INFORMATION PROVIDED:
★ ★ ★

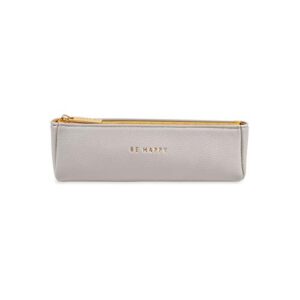 katie loxton be happy womens small vegan leather zippered pen and pencil pouch organizer in grey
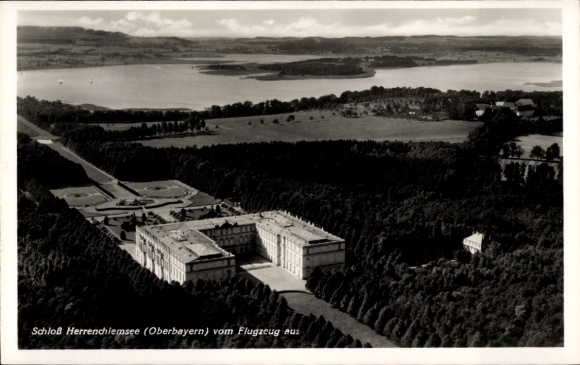 Postcard Chieming am Chiemsee Upper Bavaria, Herrenchiemsee Castle, aerial photograph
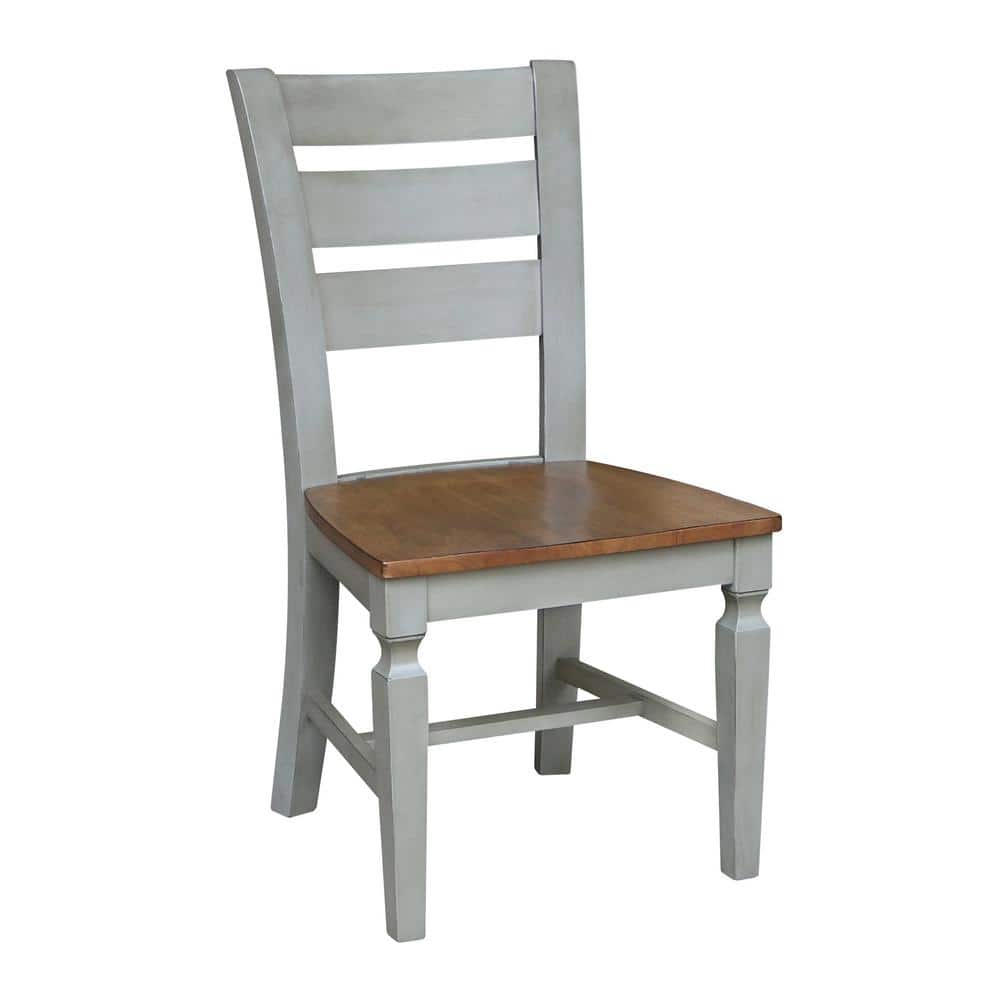 Vista Distressed Hickory and Stone High Ladderback Wood Chairs - Set of 2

★ ★ ★

ASSIGNMENT: Write out the whole listing above exactly; do not include the pictures.

RESULT FOR THIS EXERCISE:
 katie loxton be happy womens small vegan leather zippered pen and pencil pouch organizer in grey
 Postcard Chieming am Chiemsee Upper Bavaria, Herrenchiemsee Castle, aerial photograph
 Vista Distressed Hickory and Stone High Ladderback Wood Chairs - Set of 2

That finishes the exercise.